• **WORK TASK**:
Write the records out once more, exactly as they are given.

Scraped caption text data:
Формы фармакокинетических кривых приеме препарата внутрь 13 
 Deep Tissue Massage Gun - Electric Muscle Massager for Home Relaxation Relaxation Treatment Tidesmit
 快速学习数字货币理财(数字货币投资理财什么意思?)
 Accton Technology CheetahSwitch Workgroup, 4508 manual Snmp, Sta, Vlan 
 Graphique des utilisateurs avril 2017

• **OUTPUT FOR THIS TASK**:
Формы фармакокинетических кривых приеме препарата внутрь 13 
 Deep Tissue Massage Gun - Electric Muscle Massager for Home Relaxation Relaxation Treatment Tidesmit
 快速学习数字货币理财(数字货币投资理财什么意思?)
 Accton Technology CheetahSwitch Workgroup, 4508 manual Snmp, Sta, Vlan 
 Graphique des utilisateurs avril 2017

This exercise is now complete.